Encore qu’il fût devenu moine noir, les cours princières ne laissaient pas de se préoccuper de lui:
Suiz je forment desesperez.
En maint leu et en mainte cort
M’en tient li siecles forment cort.
Molt me debotent par paroles.
Qui sont et vileines et foles...
Et lui, il s’occupait aussi d’elles. C’est évidemment à l’intention de son ancienne clientèle chevaleresque de «barons» et de «vavasseurs» qu’il a composé sa Bible, et même, on peut le croire, plutôt pour la faire rire qu’en vue de l’édifier.
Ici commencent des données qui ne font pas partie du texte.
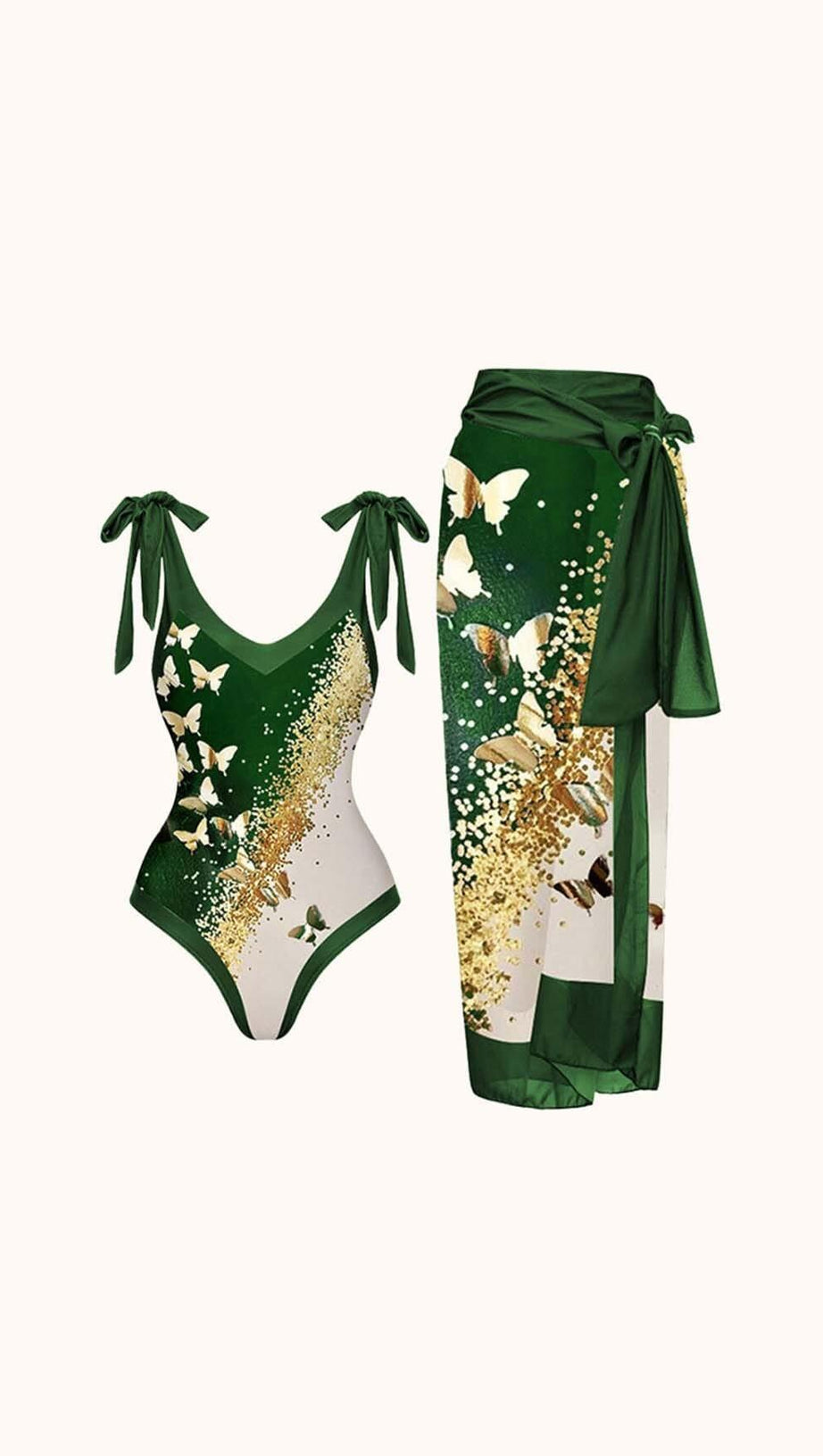 BUFFY SWIMWEAR TWO PIECE SET IN GREEN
L’ancien jongleur des cours seigneuriales se trahit, du reste, à bien des détails dans le poème de Guiot. D’abord, à la manière dont il s’exprime au sujet des femmes, avec une courtoisie et des précautions extraordinaires de la part d’un homme de son caractère. Ensuite, à sa haine de tous les mouvements populaires: Chaperons blancs du Forez (Durand Chapuis, en 1182), petits frères des pauvres, quêteurs, etc.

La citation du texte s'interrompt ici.